*** Block opens ***

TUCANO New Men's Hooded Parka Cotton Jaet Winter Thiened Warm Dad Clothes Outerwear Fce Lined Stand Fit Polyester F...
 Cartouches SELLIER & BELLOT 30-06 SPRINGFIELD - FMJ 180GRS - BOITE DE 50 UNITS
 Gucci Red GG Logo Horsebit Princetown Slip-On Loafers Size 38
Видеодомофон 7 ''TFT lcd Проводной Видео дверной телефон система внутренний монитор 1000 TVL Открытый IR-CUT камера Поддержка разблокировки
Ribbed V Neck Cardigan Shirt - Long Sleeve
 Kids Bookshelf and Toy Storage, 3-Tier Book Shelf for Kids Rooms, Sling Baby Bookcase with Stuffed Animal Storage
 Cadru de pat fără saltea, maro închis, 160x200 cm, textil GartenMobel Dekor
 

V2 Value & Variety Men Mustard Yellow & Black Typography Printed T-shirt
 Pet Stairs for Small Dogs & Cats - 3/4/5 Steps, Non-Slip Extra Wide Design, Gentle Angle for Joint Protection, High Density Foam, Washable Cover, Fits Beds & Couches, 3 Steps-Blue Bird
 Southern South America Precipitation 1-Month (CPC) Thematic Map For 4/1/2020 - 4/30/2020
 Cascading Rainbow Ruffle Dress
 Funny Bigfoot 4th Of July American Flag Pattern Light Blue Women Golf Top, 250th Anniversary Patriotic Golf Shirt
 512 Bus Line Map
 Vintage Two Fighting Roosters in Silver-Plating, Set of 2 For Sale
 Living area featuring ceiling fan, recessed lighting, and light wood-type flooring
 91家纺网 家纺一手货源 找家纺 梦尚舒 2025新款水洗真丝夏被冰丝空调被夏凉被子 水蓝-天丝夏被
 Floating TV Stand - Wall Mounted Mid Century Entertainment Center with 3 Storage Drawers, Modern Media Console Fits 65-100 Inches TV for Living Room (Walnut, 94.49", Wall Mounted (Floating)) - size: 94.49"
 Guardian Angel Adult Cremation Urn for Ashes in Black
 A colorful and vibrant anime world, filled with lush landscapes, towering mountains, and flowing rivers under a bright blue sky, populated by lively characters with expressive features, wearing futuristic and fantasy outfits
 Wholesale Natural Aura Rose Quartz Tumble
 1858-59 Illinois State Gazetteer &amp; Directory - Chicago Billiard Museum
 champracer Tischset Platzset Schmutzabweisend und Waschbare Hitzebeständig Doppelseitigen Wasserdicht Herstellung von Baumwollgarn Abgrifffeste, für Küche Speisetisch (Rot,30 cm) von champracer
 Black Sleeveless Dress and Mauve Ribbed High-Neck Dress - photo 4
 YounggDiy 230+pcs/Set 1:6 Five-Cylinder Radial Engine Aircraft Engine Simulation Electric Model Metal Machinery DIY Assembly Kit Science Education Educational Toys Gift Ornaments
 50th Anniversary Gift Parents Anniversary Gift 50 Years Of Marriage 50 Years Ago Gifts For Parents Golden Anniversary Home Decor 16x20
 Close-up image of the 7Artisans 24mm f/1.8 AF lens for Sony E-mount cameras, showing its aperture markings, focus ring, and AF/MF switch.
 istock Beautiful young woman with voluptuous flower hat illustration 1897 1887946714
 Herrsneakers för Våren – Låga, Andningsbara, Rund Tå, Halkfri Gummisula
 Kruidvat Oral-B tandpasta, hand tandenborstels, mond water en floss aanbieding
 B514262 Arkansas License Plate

*** Block closes ***

In the data above, retype exactly and only the lines between the one holding "Ribbed V Neck Cardigan Shirt - Long Sleeve" and the one holding "Living area featuring", inclusive.

Ribbed V Neck Cardigan Shirt - Long Sleeve
 Kids Bookshelf and Toy Storage, 3-Tier Book Shelf for Kids Rooms, Sling Baby Bookcase with Stuffed Animal Storage
 Cadru de pat fără saltea, maro închis, 160x200 cm, textil GartenMobel Dekor
 

V2 Value & Variety Men Mustard Yellow & Black Typography Printed T-shirt
 Pet Stairs for Small Dogs & Cats - 3/4/5 Steps, Non-Slip Extra Wide Design, Gentle Angle for Joint Protection, High Density Foam, Washable Cover, Fits Beds & Couches, 3 Steps-Blue Bird
 Southern South America Precipitation 1-Month (CPC) Thematic Map For 4/1/2020 - 4/30/2020
 Cascading Rainbow Ruffle Dress
 Funny Bigfoot 4th Of July American Flag Pattern Light Blue Women Golf Top, 250th Anniversary Patriotic Golf Shirt
 512 Bus Line Map
 Vintage Two Fighting Roosters in Silver-Plating, Set of 2 For Sale
 Living area featuring ceiling fan, recessed lighting, and light wood-type flooring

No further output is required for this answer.